Easter is just around the corner, with the spring celebration falling on Sunday March 27 this year .

The long bank holiday weekend begins on Good Friday (March 25), and Easter Monday (March 28) is the final day in the bank holiday festivities.

And although you're probably getting excited about your Easter eggs and your time off work, there are some things about the springtime holiday you won't likely know about.

So here are 18 fun facts about Easter... If you have any more please do let us know in the comments!

18 fun facts about Easter:

1. Every child in the UK receives an average of 8.8 Easter eggs every year - double their recommended calorie intake for a whole week.

2. The largest ever Easter egg hunt was in Florida, where 9,753 children searched for 501,000 eggs.

3. In 2007, an Easter egg covered in diamonds sold for almost £9 million. Every hour, a cockerel made of jewels pops up from the top of the Faberge egg, flaps its wings four times, nods its head three times and makes a crowing noise. The gold-and-pink enamel egg was made by the Russian royal family as an engagement gift for French aristocrat Baron Edouard de Rothschild.

4. When people gorge on a chocolate Easter bunny, 76% bite off the ears first, 5% go for the feet and 4% opt for the tail.
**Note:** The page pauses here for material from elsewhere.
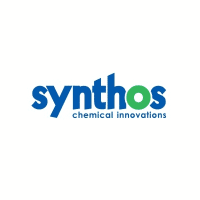 Synthos XPS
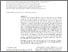 [thumbnail of stx645.pdf]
READ MORE:Recipes for the best roast lamb and all the trimmings for Easter Sunday

5. With all those eggs and other chocolate treats for family, relatives, loved ones and friends, it should be no surprise that households spend an average of £75 on Easter each year.
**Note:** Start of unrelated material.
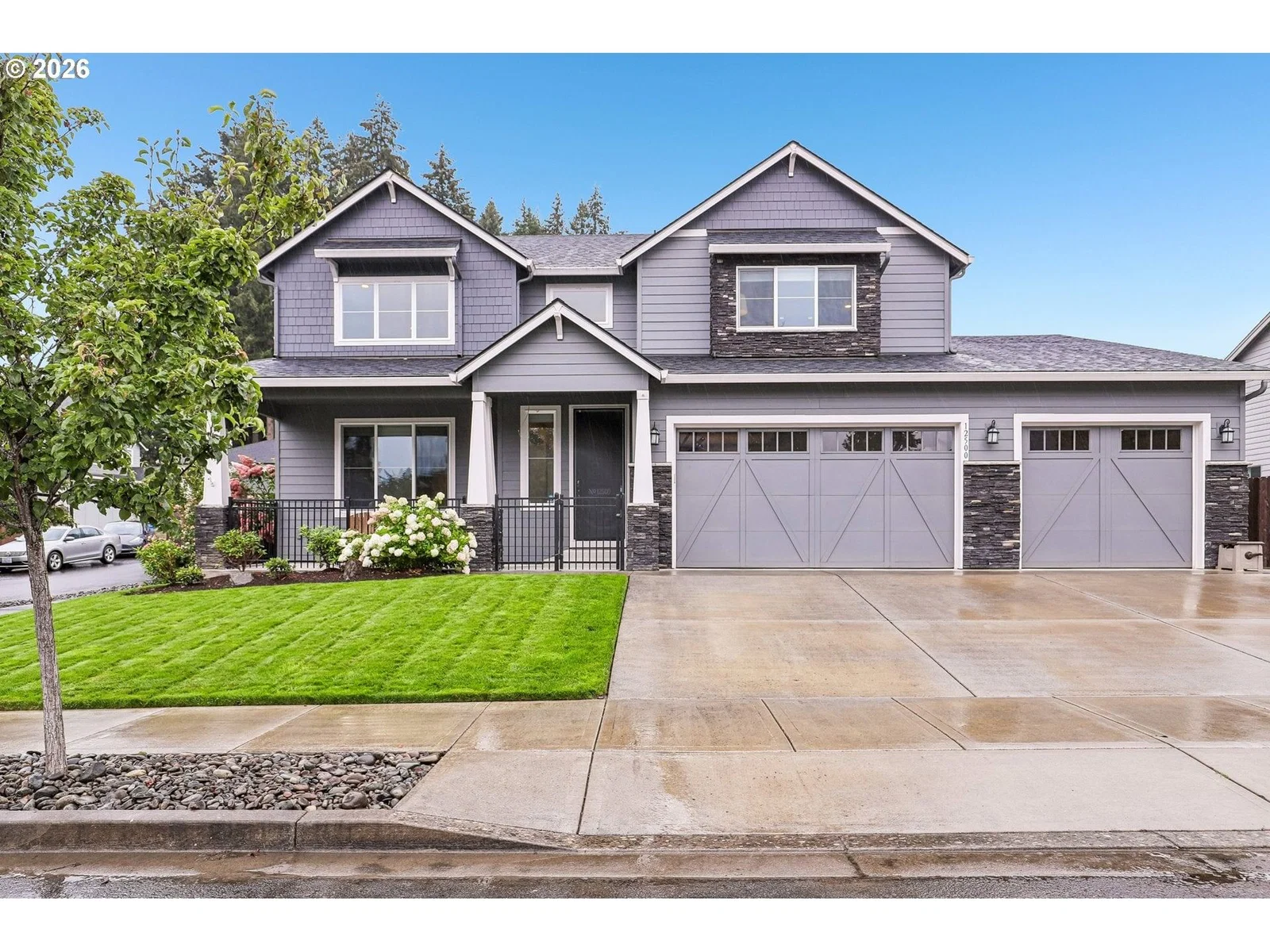 12500 NE 59TH AVE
6. In the USA, 90 million chocolate bunnies and 91.4 billion eggs are produced each year. At Easter, Americans also consume more than 16 million jellybeans used to fill the hollow centre of Easter eggs, and that's enough to circle the globe three times over.

7. The White House hosts an Easter Egg Roll on the front lawn each year.

8. Sales at Easter time make up 10% of UK chocolate spending for the whole year.

9. The UK's first chocolate egg was produced in 1873 by Fry's of Bristol.

10. The tallest chocolate Easter egg was made in Italy in 2011. Standing 10.39 metres tall and weighing 7,200 kg, it was taller than a giraffe and heavier than an elephant.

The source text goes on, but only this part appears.